Anak Muda Menggugat Perang dan Pemberitaan tentang Perang
Perang harus dibahas secara obyektif terkait seluruh pihak yang terlibat. Perang tidak untuk diglorifikasi.
Oleh
LARASWATI ARIADNE ANWAR, B JOSIE SUSILO HARDIANTO
·5 menit baca
Perang antara Rusia dan Ukraina belum selesai meskipun sudah lewat satu tahun sejak pasukan Rusia menginvasi Ukraina pada 24 Februari 2022. Tidak hanya di Eropa, konflik ini juga menarik perhatian masyarakat Indonesia, termasuk anak muda. Persoalannya ialah memastikan para pembaca dan pemirsa yang mengikuti peristiwa itu mengembangkan pemikiran kritis.
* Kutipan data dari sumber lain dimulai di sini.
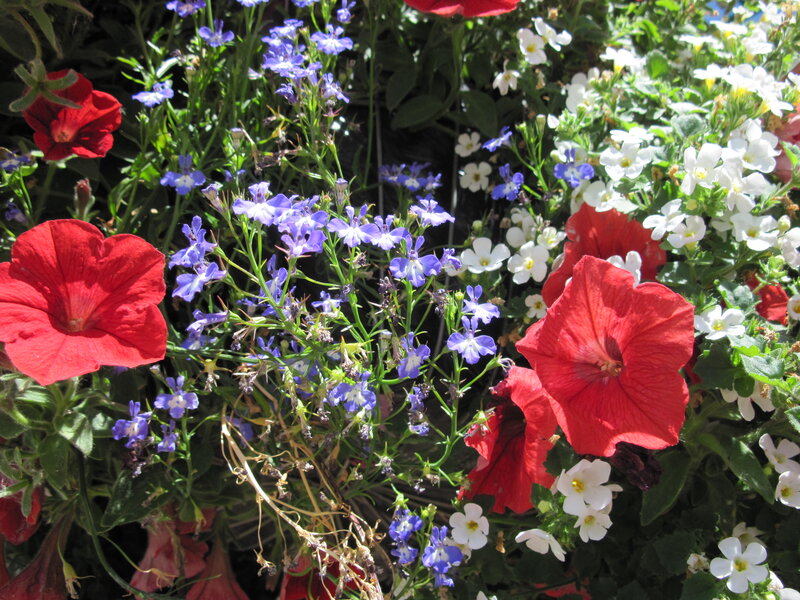 Red and Purple Flowers — Bright, Afternoon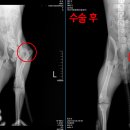 신안동물병원 이미지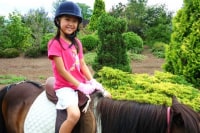 美馬森 八丸牧場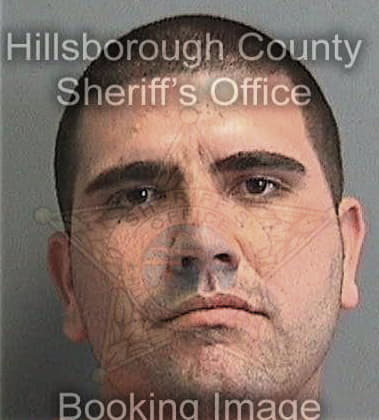 Domenic Panaccio, - Hillsborough County, FL 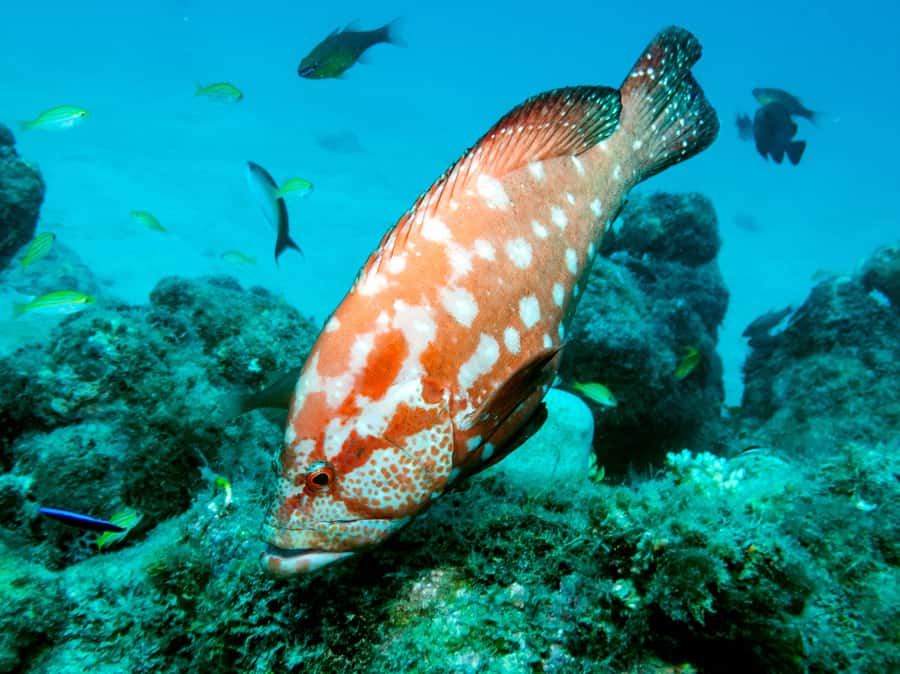 Tamarin Bay: Beginners Scuba Diving Experience - Small group size and instructor support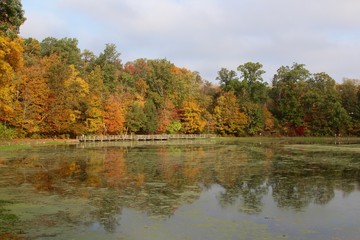 The lake on a sunny autumn day.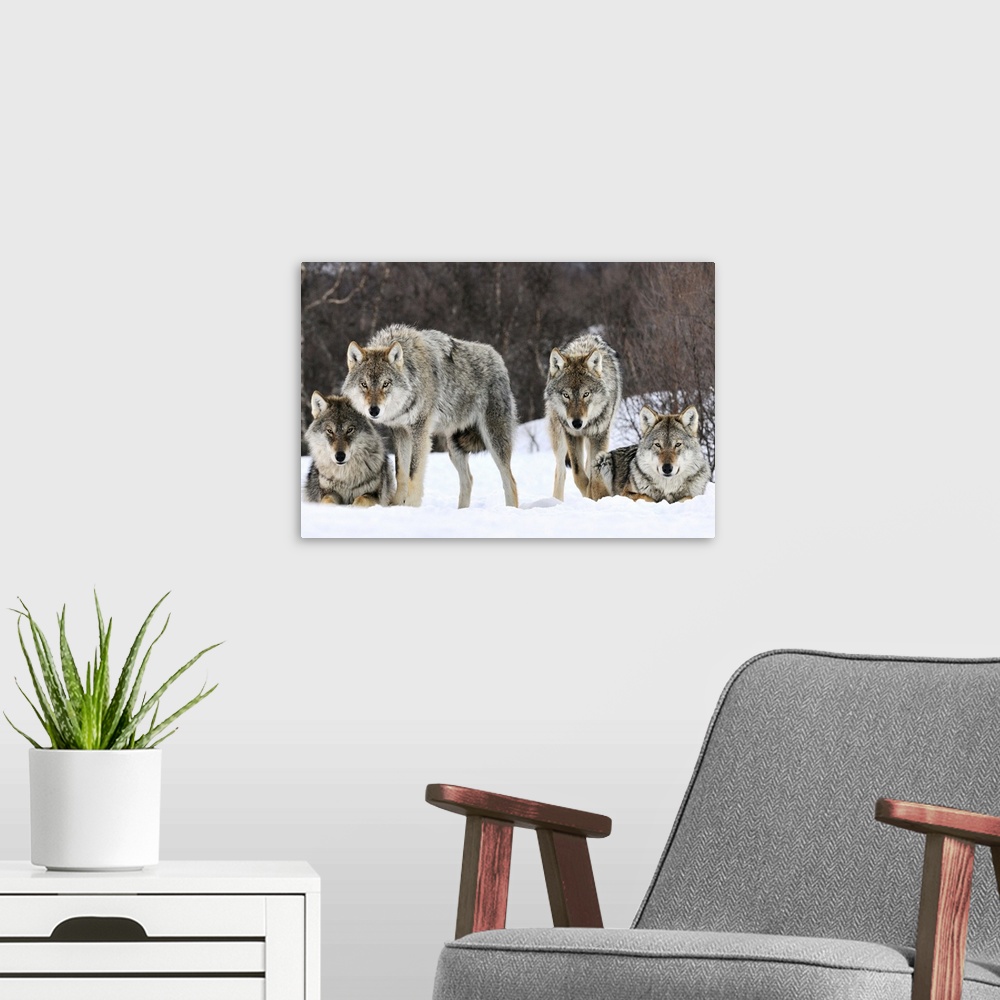A modern room featuring Wildlife photograph of a pack of gray wolves in the snow in Norway.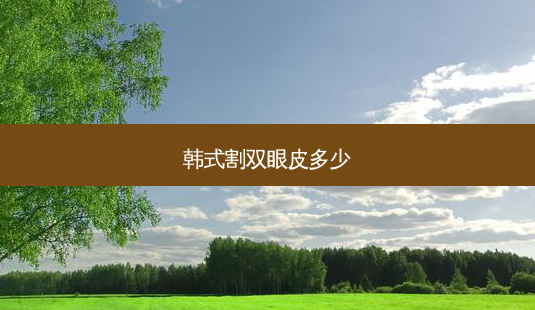 韩式割双眼皮多少-第1张图片-容颜讯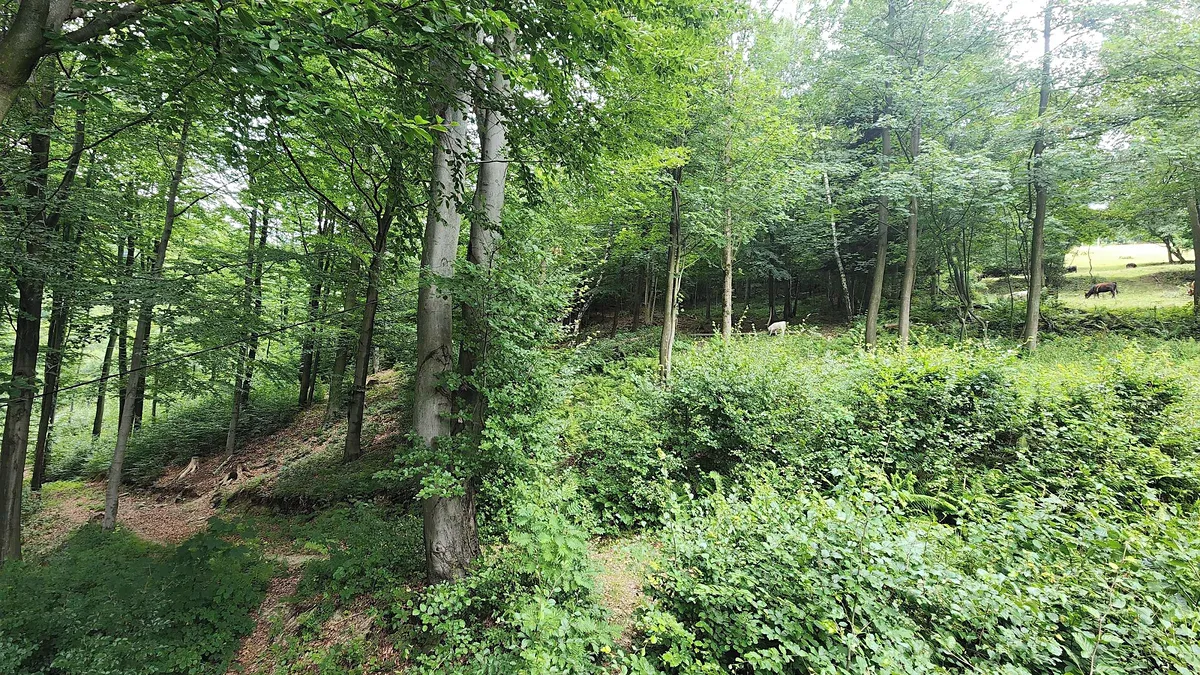 Prodej lesa 5985 m²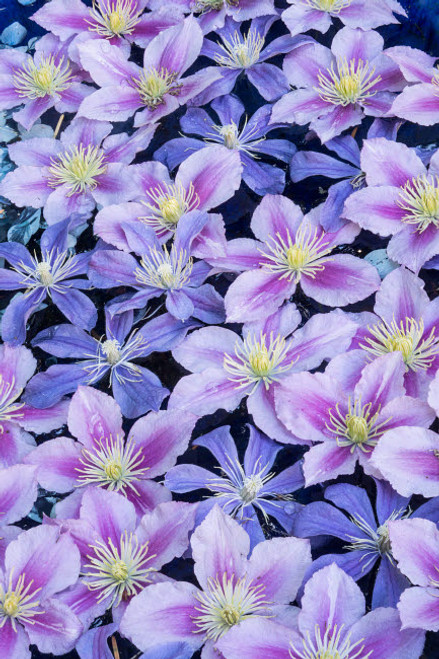 Clematis flower grouping together in blues and pinks Poster Print by Darrell Gulin (18 x 24) # US48DGU1720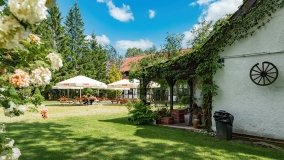 Kietlice - zdjęcie 14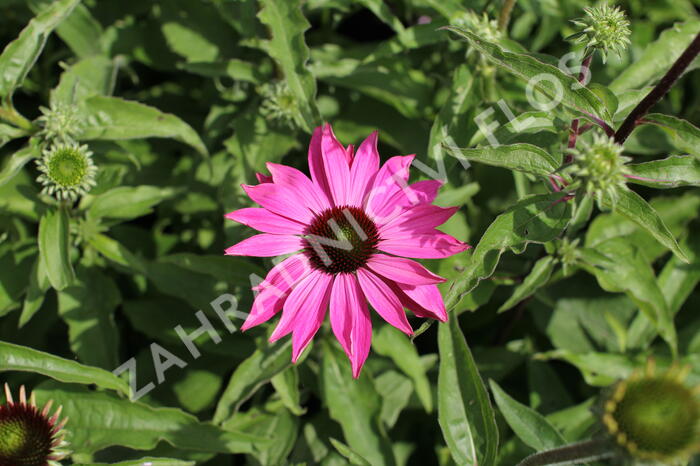 Třapatkovka nachová 'PollyNation Magenta' - Echinacea purpurea 'PollyNation Magenta'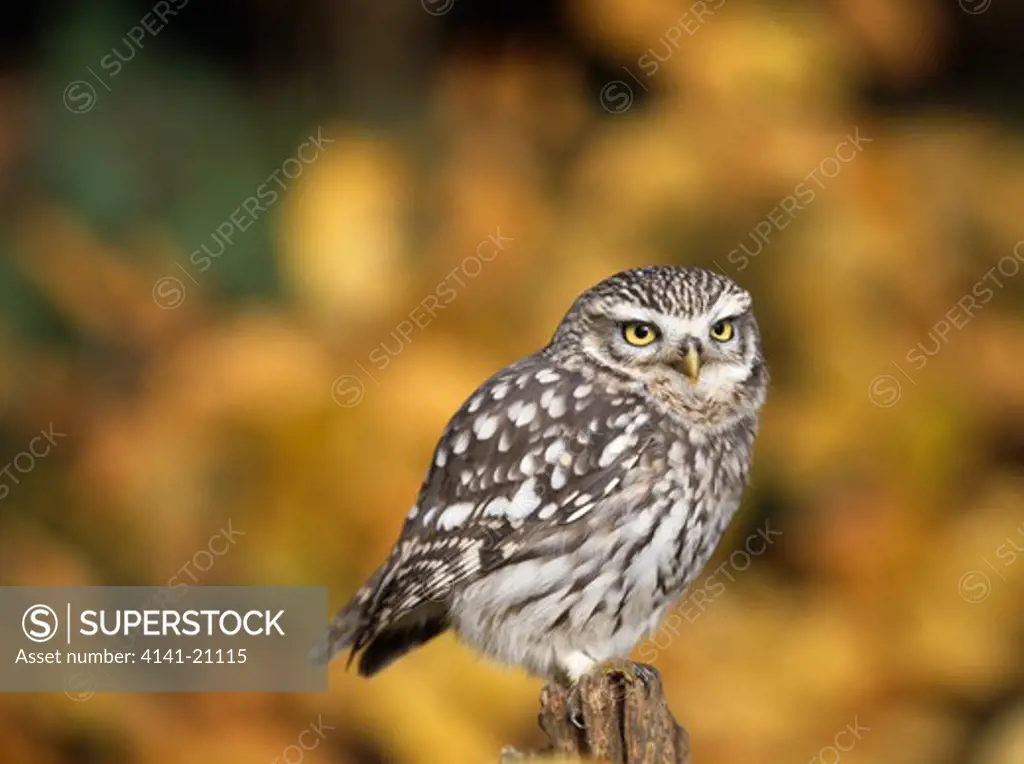 little owl athene noctua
Oleh sebab itu, penting memahami perbedaan antara informasi dan propaganda.
Menjejaki isu itu, Kedutaan Uni Eropa di Jakarta menggelar diskusi yang dihadiri sejumlah pelajar dan mahasiswa pada Senin (17/7/2023). Berbagai pertanyaan dilontarkan oleh anak-anak SMA dan mahasiswa yang hadir, menelaah perang yang kini berkecamuk di Ukraina.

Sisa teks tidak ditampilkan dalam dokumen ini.